Friday, December 16, 2005

different Christmases

Still reading: The Sparrow

So it's almost Christmas time. Or Kwanzaa. Or Festivus, or Hannukah. Hoorah. The last time I felt this lack of festivity for the holidays was when I lived in Los Angeles, and the weather was seventy degrees, and I could still go to the beach in December and play volleyball, and nobody got crazy decorating their house so it looked like a garish nightmare. Christmas in LA is palm trees, smog, and a guy wearing shorts and a Santa hat waving at you to use his particular car wash.

Christmas in Cincinnati is lots of snow and candy cane fences and the festival of lights at the zoo across my old house. It was midnight mass and dangerously iced over streets and ham and lumpia shanghai at my mom's and coffee with my friends at Sitwell's, back when it was in a basement and not in a diner.

Christmas in Vienna was meat fondue and cheese and wine. It was O Tannenbaum and Stille Nacht and the Vienna Boys Choir in the Stefansdom. It was shoes left out for gifts, not stockings, and the Turkish kids playing out on the street and buying kebabs at 4a.m.
The Christmas of my childhood in Manila was lots of food and midnight processions on the street and wearing dresses. It was strings of sampaguita flowers, wearing them or putting them on statues of saints or bringing them to church as a prayer garland. It was firecrackers and beggars in the street and a huge lechon being roasted over a pit.
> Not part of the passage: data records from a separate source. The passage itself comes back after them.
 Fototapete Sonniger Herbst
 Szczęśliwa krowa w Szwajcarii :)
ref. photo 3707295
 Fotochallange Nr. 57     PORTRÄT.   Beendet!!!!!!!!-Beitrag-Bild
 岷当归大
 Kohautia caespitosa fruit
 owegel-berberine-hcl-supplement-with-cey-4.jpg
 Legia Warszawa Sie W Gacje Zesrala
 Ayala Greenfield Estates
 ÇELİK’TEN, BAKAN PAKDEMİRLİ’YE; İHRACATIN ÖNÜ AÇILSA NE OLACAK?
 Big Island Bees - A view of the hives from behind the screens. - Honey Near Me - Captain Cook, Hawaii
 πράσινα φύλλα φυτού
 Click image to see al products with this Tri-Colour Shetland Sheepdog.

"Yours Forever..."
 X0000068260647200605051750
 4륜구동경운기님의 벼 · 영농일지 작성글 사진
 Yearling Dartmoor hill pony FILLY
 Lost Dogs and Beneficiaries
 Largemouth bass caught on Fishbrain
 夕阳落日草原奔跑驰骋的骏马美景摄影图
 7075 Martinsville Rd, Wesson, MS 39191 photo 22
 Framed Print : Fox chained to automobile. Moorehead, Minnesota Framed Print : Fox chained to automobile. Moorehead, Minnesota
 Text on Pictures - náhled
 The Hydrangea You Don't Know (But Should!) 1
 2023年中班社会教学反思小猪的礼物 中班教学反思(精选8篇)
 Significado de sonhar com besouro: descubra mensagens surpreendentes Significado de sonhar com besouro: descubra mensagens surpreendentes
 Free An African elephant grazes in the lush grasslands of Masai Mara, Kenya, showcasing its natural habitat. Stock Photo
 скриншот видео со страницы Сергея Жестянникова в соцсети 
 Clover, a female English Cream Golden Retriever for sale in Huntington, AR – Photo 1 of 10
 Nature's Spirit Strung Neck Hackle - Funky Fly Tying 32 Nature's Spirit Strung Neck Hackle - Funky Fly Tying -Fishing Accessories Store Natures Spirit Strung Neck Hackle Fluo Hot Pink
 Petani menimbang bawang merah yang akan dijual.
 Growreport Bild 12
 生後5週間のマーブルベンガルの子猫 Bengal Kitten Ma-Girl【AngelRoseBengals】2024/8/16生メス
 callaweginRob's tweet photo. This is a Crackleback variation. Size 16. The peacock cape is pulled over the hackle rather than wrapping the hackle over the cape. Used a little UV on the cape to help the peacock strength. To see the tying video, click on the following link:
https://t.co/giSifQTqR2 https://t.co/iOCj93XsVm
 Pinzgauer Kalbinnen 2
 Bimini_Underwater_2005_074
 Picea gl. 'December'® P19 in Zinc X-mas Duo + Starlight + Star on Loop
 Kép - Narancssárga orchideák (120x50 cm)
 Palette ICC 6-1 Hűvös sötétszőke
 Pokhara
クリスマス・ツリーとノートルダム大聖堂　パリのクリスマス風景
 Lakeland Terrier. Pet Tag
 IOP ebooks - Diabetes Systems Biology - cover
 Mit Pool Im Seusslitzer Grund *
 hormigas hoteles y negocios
What's the holidays like for you?


3 Comments:

At 12:25 AM, Anonymous Anonymous said...

i haven't been in the christmas spirit for quite some time. the whole crass commercialization of christmas has gotten so out of hand that i just distance myself from the season more and more every year. i still try to get everyone a thoughtful present, but my heart is just not in the season at all much anymore.

 
At 5:15 AM, Blogger x said...

carol singing, christmas tree, vasilopitta (a new year sweet pie with a coin buried in it for good luck. whoever gets the piece with the coin is going to be lucky the new year), also, my mum would take us to christmas mass very early in the morning (around 5).

 
At 4:55 PM, Blogger valorie said...

moondog: thoughtfulness is what counts right? more than anything materialistic.

chloe: have you ever gotten the coin?